Discounts not only train your customers to expect cheaper prices, but they also train your sales staff to think with a discount mentality. Suppose your sales team is aware that your business is open to discounts. In that case, they may be inspired to follow this pricing strategy instead of persuading customers to buy at the original price.
Sales teams may find it easier to sell products by offering discounts, and thus, they could lose their negotiating skills with customers in the long run.
In a large organization, it’s difficult for sales teams to keep the pricing straight when there are different price structures due to discounts. If different customers receive different discounts, it could lead to chaos, especially if you have a large customer base.
When you keep prices fixed, there is more clarity for the sales team. They are not confused about who gets what discount. Take discounts off the table and sales staff can get back to the basics—focusing on the attributes of your product.
The Problem is Not the Price but the Lack of Knowledge About Alternatives.
The idea of discounting tends to pop up when you can’t think of another way to increase revenue or attract customers. But there are other ways to crack this nut.
- You can add value, perceived or real, to your product or service.
- You can increase awareness of your products or services using additional advertising or public relations campaigns. Sure, it costs money, but as we’ve clearly shown, so does cutting your prices. However, money spent on advertising will add to your success in the long run, discounts will not.

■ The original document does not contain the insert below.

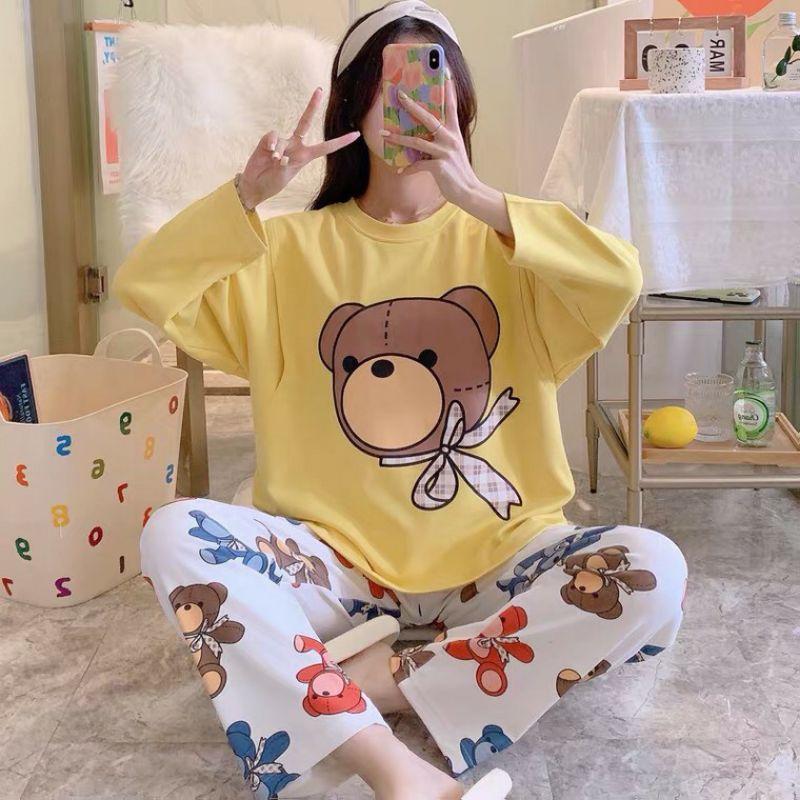 Đồ Bộ Thun Tay Dài Quảng Châu - Pijama Quần Dài - Đồ Mặc Ở Nhà Họa Tiết Hoạt Hình Dễ Thương Đồ bộ mặc ở nhà cho nữ, Đồ bộ ngủ thun dành cho nữ in hình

- Increase awareness of your online presence. Work to increase the Search Engine Optimization (SEO) of your online content. Use social media such as Twitter, Facebook, and Instagram to push that content and market your business.
You can reach a wide range of markets through these initiatives instead of relying on discounts to consumers.
Break the Discount Habit.
As you have seen, discounting your products or services doesn’t do you any favors. I suggest breaking the discount habit by going cold turkey.
Make sure everyone in your business knows the new rule: “No Discounts – Period.” (You could make a poster and hang it on the wall.)
Instead, focus on the value proposition of your business instead of the price factor. In today’s competitive environment, your business must focus on the quality of your product and the service you can provide to the customers. Stand out from the competition with effective digital marketing.
And above all, refrain from giving discounts so that you can work on increasing the long-term viability of your business.